← All Posts
By Moshe Anconina June 1, 2026 9 min read Engineering

The honest agent-memory benchmark: we built the proving machine first

Agent-memory leaderboards are easy to game, and vendor numbers aren't comparable across protocols - the judge model alone can swing a memory score from ~49% to ~94%. So instead of racing to publish a number, we built the machine that proves one: an open, in-repo, reproducible harness. Here is what it is, what we measured at $0, what we deliberately did not publish, and the one command that lets you reproduce the full head-to-head yourself.

The problem with memory leaderboards

Every few weeks a new agent-memory system posts a leaderboard with itself on top. The trouble is that almost none of those numbers are comparable. They use different datasets, different answer models, different judges, and a different accounting of what counts as "correct." The single biggest swing isn't the memory system at all - it's the LLM judge. The same set of answers has been reported at ~49% under an independent judge and ~94% when self-judged. A leaderboard that doesn't disclose its judge is a leaderboard you cannot trust.
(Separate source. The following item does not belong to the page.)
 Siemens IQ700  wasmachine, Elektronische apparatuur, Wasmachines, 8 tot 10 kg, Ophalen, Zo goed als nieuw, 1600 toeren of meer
There's a sharper tell. On the popular LoCoMo dataset, a trivial filesystem baseline - just dump the conversation to files and let the model grep - can score higher than a real, vendor-published memory system. We measured exactly that as a control: under one judge the filesystem baseline lands at 52.6 / 36.3 against our recall pipeline's 71.1 / 73.3 on LongMemEval. The point of the control isn't to dunk on filesystems - it's the opposite. It proves the baseline isn't weak. If your benchmark can't separate a real memory system from a pile of text files, the benchmark is broken, not the contender.

Three ways a memory leaderboard misleads:

  • Undisclosed judge. A self-judged or single-judge score is unfalsifiable - you can't tell the system from the grader.
  • Non-comparable protocol. Different datasets, answer models, and "correct/total" accounting make two vendors' numbers apples-to-oranges.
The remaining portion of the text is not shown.